■ **Activity**: Down to the final line, print the records below exactly and without pictures.

■ **Given records**:
==*==
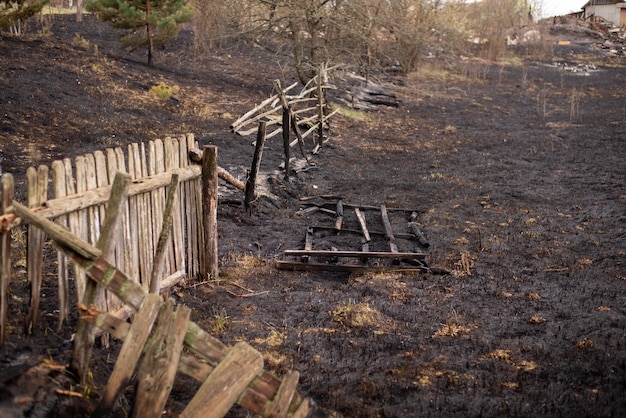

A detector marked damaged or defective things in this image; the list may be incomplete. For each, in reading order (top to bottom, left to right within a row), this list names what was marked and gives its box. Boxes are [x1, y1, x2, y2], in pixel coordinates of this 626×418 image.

burned wooden fence [9, 201, 332, 416]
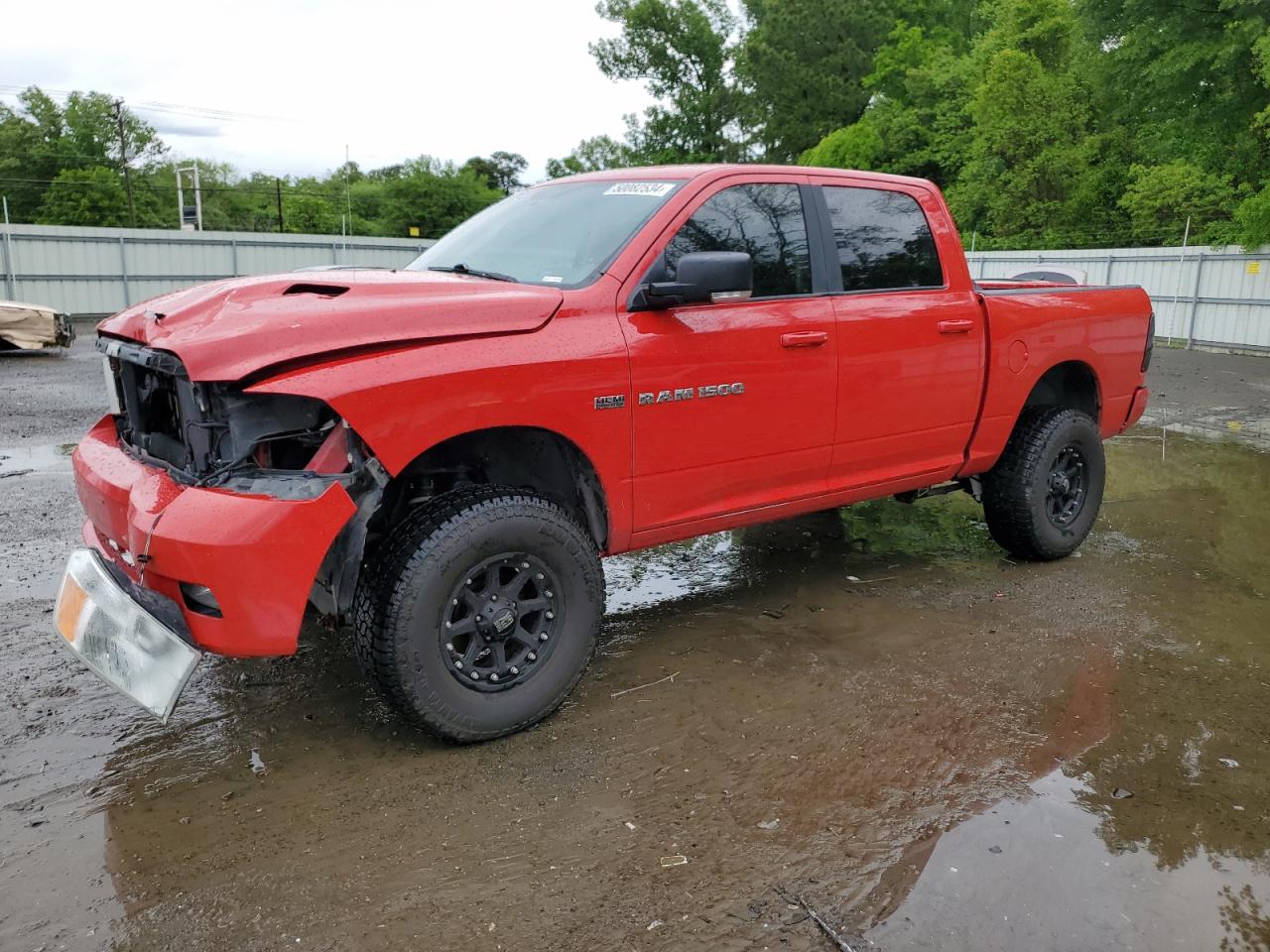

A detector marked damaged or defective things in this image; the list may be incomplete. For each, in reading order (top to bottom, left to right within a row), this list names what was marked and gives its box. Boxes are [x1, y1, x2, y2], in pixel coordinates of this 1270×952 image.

dented hood [101, 269, 569, 381]
broken bumper cover [55, 542, 201, 721]
broken bumper cover [72, 418, 357, 664]
damaged front end [100, 340, 386, 622]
==*==
■ **Task solution**:
A detector marked damaged or defective things in this image; the list may be incomplete. For each, in reading order (top to bottom, left to right within a row), this list names what was marked and gives its box. Boxes are [x1, y1, x2, y2], in pixel coordinates of this 626×418 image.

burned wooden fence [9, 201, 332, 416]

A detector marked damaged or defective things in this image; the list may be incomplete. For each, in reading order (top to bottom, left to right within a row), this list names what was marked and gives its box. Boxes are [x1, y1, x2, y2], in pixel coordinates of this 1270×952 image.

dented hood [101, 269, 569, 381]
broken bumper cover [55, 542, 201, 721]
broken bumper cover [72, 418, 357, 664]
damaged front end [100, 340, 386, 622]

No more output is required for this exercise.